=== Your goal ===
Below are some records; quote exactly the lines from the one that contains "Ventilateur Mural Chauffant" through the one that contains "Vince Striped Long", inclusive, and no others.

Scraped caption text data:
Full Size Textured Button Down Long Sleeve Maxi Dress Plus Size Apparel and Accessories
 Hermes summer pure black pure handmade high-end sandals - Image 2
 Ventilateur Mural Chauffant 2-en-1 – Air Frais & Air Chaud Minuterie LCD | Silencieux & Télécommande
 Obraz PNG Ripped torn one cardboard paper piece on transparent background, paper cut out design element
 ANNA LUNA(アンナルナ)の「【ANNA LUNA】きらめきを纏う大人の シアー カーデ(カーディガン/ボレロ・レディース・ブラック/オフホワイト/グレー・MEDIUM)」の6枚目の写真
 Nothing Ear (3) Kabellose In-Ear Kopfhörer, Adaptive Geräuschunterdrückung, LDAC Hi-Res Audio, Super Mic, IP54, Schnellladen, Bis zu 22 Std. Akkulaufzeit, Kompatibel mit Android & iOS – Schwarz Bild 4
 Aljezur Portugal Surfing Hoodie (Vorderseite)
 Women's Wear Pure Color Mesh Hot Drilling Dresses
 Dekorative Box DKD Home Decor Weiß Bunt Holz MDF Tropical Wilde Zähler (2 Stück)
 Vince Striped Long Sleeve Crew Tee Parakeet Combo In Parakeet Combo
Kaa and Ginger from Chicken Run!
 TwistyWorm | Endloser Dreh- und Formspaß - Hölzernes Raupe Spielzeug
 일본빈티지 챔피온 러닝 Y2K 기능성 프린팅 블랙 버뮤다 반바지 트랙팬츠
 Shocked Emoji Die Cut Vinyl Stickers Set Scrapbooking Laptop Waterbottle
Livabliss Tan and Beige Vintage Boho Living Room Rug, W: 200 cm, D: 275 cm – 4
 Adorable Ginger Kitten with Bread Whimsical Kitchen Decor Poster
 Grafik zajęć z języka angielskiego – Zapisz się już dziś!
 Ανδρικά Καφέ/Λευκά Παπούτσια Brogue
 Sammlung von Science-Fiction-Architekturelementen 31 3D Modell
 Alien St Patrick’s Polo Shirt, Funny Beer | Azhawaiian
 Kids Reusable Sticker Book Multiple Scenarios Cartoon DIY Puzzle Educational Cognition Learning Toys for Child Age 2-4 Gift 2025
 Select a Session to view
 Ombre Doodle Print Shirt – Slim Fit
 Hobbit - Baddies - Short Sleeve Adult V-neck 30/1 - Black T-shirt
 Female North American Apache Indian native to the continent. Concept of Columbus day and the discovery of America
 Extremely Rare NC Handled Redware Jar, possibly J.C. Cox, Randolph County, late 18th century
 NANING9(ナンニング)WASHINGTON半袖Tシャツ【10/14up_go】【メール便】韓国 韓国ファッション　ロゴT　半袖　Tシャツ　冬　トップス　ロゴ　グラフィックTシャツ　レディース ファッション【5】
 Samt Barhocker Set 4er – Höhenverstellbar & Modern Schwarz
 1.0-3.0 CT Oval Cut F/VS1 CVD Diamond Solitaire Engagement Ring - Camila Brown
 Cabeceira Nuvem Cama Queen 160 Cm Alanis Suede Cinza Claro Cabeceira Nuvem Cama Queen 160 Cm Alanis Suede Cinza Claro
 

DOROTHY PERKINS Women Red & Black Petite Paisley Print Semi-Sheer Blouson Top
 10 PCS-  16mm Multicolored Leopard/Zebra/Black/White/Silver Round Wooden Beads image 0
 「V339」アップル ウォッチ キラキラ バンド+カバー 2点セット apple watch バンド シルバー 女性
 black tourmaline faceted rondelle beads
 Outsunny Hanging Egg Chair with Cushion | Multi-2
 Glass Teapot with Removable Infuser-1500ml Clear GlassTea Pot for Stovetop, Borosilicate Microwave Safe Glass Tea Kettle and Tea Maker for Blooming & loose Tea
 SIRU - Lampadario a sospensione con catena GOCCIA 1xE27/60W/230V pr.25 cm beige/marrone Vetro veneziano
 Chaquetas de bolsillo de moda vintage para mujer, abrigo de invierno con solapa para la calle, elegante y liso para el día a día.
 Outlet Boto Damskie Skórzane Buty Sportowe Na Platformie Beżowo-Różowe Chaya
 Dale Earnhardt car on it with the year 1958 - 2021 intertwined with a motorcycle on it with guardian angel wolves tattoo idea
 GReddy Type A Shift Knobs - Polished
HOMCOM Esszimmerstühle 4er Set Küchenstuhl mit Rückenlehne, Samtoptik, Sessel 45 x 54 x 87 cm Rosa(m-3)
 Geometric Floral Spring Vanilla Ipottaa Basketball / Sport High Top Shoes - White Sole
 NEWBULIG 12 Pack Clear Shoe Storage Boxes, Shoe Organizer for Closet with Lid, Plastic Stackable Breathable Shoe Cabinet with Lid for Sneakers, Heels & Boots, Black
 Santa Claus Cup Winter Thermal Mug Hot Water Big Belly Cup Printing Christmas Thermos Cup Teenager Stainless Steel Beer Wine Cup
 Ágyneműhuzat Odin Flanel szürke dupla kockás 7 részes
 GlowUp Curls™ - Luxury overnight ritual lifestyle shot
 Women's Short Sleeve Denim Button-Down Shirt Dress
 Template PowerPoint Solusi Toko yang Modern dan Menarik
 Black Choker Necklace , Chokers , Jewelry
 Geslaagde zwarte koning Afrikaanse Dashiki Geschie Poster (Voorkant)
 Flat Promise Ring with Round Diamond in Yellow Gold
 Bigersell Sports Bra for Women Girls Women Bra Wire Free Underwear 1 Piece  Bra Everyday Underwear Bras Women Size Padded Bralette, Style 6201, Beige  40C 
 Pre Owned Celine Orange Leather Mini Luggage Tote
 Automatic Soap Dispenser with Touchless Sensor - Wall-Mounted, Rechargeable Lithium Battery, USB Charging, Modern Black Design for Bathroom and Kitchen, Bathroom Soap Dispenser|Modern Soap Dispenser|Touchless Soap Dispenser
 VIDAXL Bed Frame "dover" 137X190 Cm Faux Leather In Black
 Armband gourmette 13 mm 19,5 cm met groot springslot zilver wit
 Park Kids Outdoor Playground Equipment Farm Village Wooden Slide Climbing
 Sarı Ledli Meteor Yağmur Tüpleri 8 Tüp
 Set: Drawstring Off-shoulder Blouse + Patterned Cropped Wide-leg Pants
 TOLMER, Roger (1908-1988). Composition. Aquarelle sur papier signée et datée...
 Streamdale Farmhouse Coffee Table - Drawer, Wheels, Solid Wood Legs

=== Completed exercise ===
 Ventilateur Mural Chauffant 2-en-1 – Air Frais & Air Chaud Minuterie LCD | Silencieux & Télécommande
 Obraz PNG Ripped torn one cardboard paper piece on transparent background, paper cut out design element
 ANNA LUNA(アンナルナ)の「【ANNA LUNA】きらめきを纏う大人の シアー カーデ(カーディガン/ボレロ・レディース・ブラック/オフホワイト/グレー・MEDIUM)」の6枚目の写真
 Nothing Ear (3) Kabellose In-Ear Kopfhörer, Adaptive Geräuschunterdrückung, LDAC Hi-Res Audio, Super Mic, IP54, Schnellladen, Bis zu 22 Std. Akkulaufzeit, Kompatibel mit Android & iOS – Schwarz Bild 4
 Aljezur Portugal Surfing Hoodie (Vorderseite)
 Women's Wear Pure Color Mesh Hot Drilling Dresses
 Dekorative Box DKD Home Decor Weiß Bunt Holz MDF Tropical Wilde Zähler (2 Stück)
 Vince Striped Long Sleeve Crew Tee Parakeet Combo In Parakeet Combo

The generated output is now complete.